According to Iowa Department of Corrections Director Beth Skinner, programs such as community-based corrections would be merged with the Iowa Department of Corrections to consolidate costs and implement more “evidence-based approaches.”

Community-based corrections districts, aligning with all eight Iowa judicial districts, serve as the leaders of state prisons within their jurisdictions and are charged with creating programs to rehabilitate inmates in their district.

Each district’s board has its own building, programs, and parole practices.

Skinner said the separation of these districts and the department led to inconsistency throughout the state. She said this inconsistency caused operational challenges for the department. Merging the functions would standardize corrections and parole throughout the state and allow the department to centralize assets.

Community-based corrections districts would still exist but would be under the Department of Corrections and serve more of an advisory role.

Story County Supervisor Linda Murken, chair of the Second Judicial District’s community-based corrections board, addressed a House subcommittee investigating the bill on Feb. 21. Murken said community-based corrections give a local touch to inmate rehabilitation and allow for innovative, evidence-based practices.

“Evidence-based practices change as you learn new things — that’s the strength of community corrections,” Murken said. “I think we are evolving new evidence-based practices in the community every day and think we’re going to lose the flexibility to do that.”

Republicans tout savings, more functional Iowa government

Reynolds unveiled this proposal during her Condition of the State address in January as a continued effort to realign or streamline state government to ease bureaucracy.
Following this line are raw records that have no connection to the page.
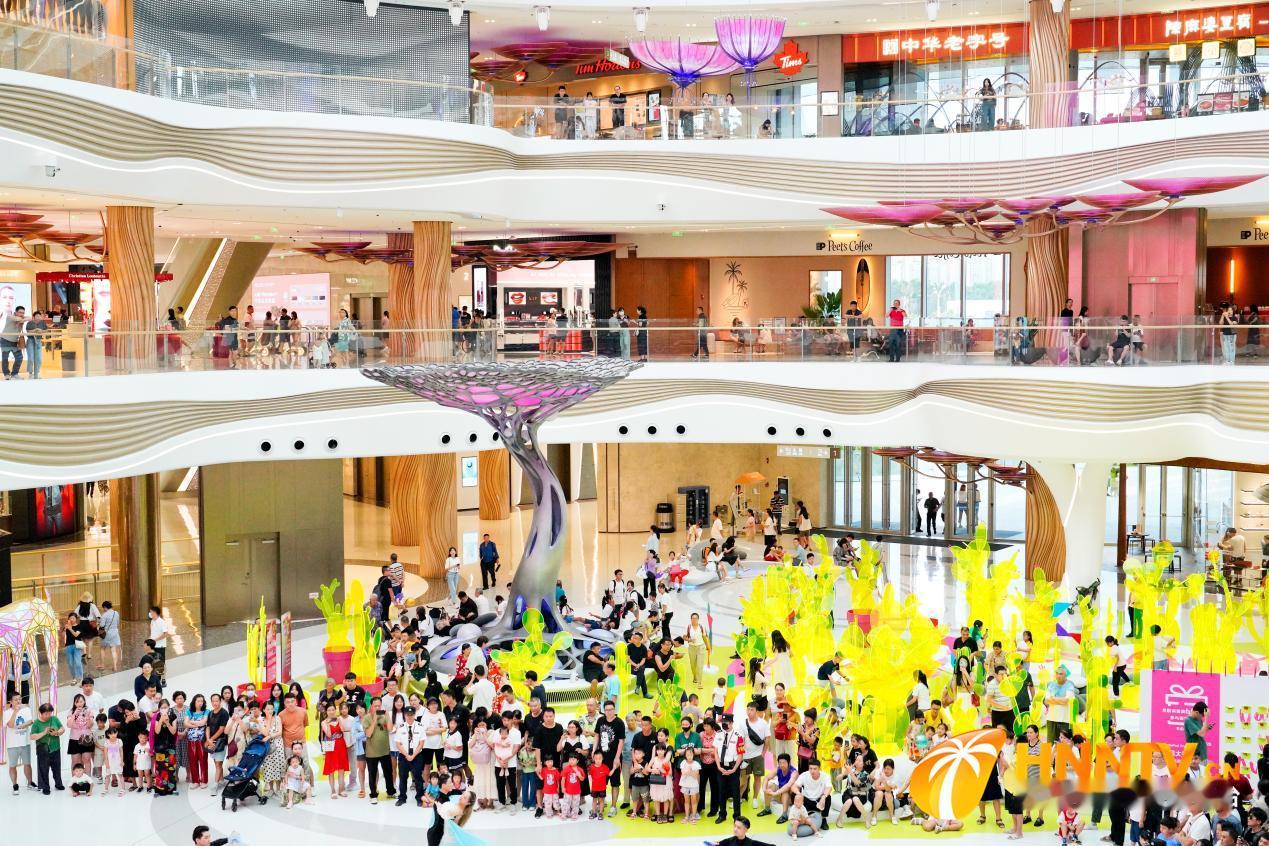 封关后第一个节假日，海南多个免税城游客爆满：黄金店门口排起长队，买苹果手机能省近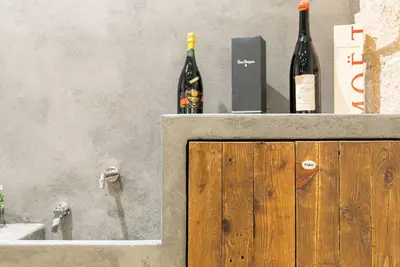 Image de Appartement-d'exception-Douche-Vue sur la cour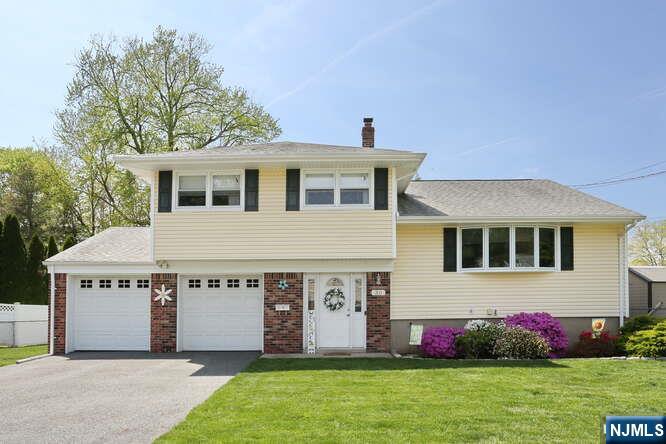 Property for Sale at 30 Karen Lane, Emerson, New Jersey - Bedrooms: 3 
Bathrooms: 3 
Rooms: 8  - $835,000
Nguyen said the move will also expand the power of the executive branch in the state.

Nguyen said only time will tell if rearranging state government makes a difference in the Iowa government’s administrative burden.

After the Iowa Senate State Government Committee passed Senate Study Bill 1123 on Feb. 22, Reynolds said the bill will accomplish a major conservative policy point — small government.

“State government exists to serve Iowans, but an increasingly growing bureaucracy is making it too complicated,” Reynolds said in a news release. “This bill gets to the heart of the problem, making government efficient, effective, and small.”

HB-126 passed a subcommittee on Monday.

Reynolds also said the bill would save the taxpayers $215 million over four years — less than 1 percent of the general fund budget appropriations.

But Nguyen said local governments are the closest to their constituents, which allows them to be more responsive to local needs than state governments. Taxpayers might see a decrease in the state government’s quality or availability of services.

“The governor or any central state agency cannot decide what each [local] government may need,” Nguyen said. “It must be decided by local residents.”